**YOUR GOAL**
Skipping all pictures, set down the lines of the listing from the first through the one with "gegrilltes Spinat-Toast mit".

**INFORMATION SHOWN**
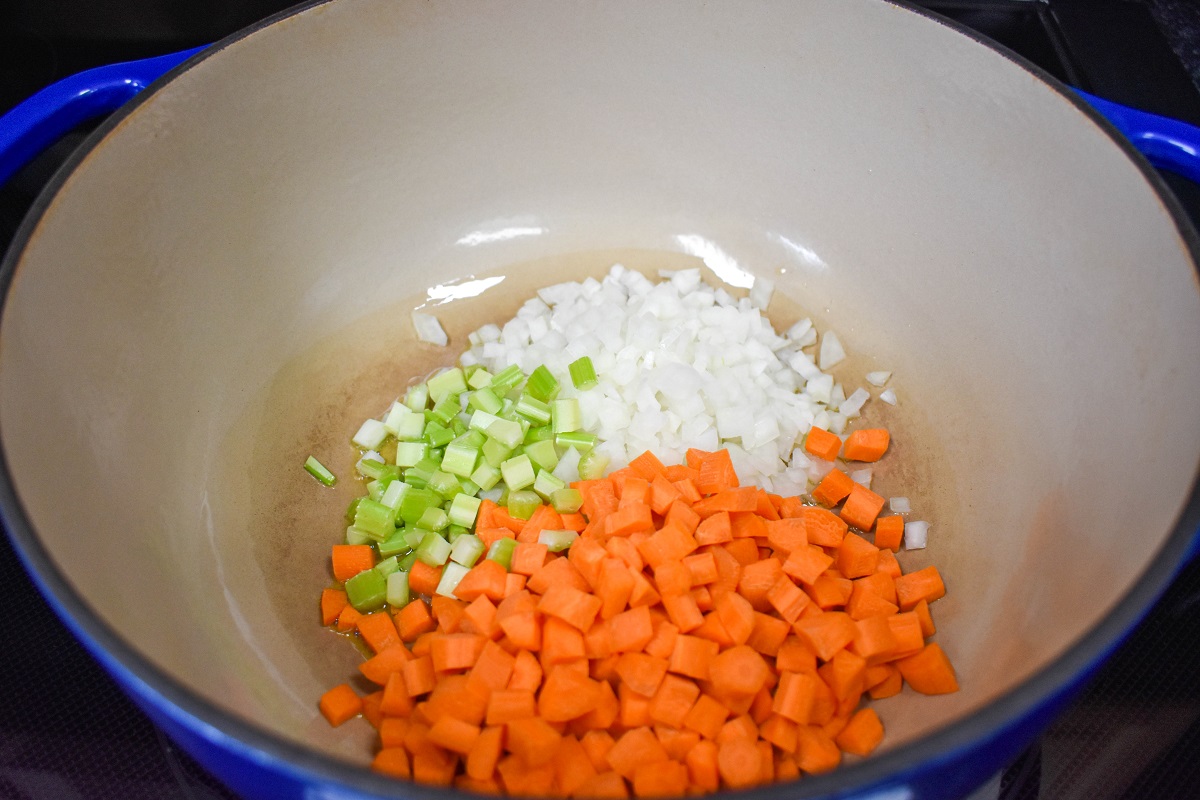Diced onions, carrots, and celery added to a large, white and blue pot.
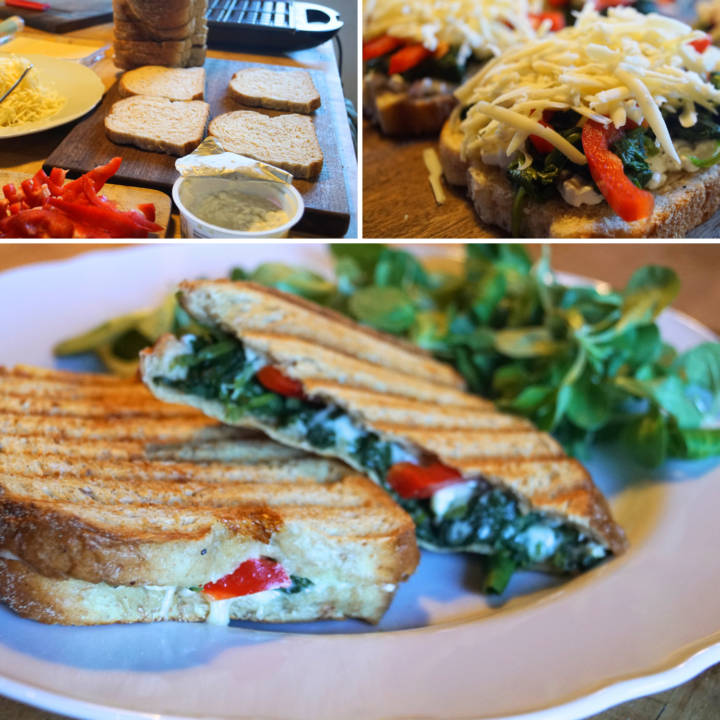 gegrilltes Spinat-Toast mit Käse, Paprika und Hüttenkäse auf dem Teller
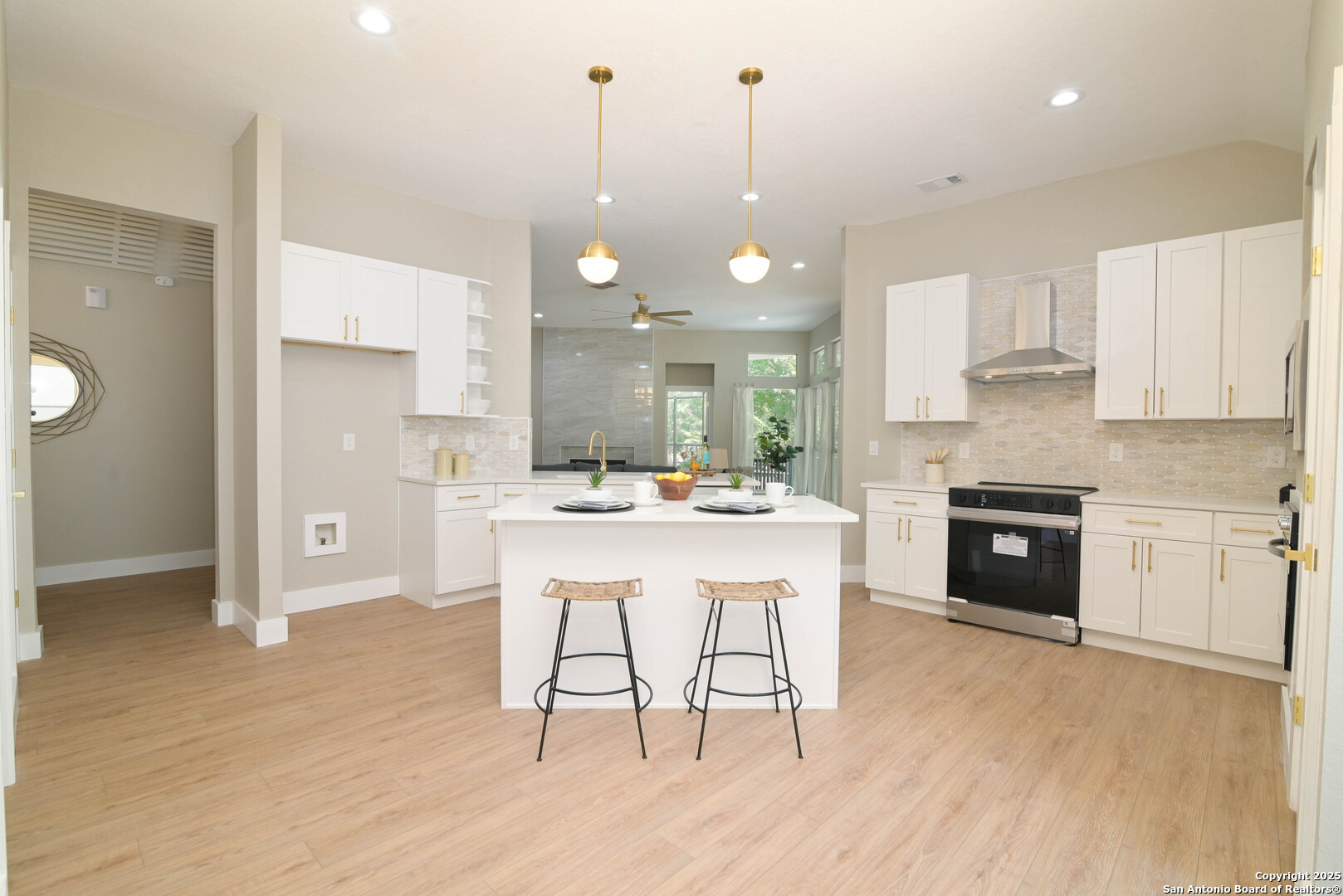 2155 North Ranch Estates Boulevard New Braunfels, TX 78130 - Photo 9 of 28 an open kitchen with granite countertop a stove a sink a refrigerator and white cabinets with wooden floor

**RESPONSE TO THIS EXERCISE**
Diced onions, carrots, and celery added to a large, white and blue pot.
 gegrilltes Spinat-Toast mit Käse, Paprika und Hüttenkäse auf dem Teller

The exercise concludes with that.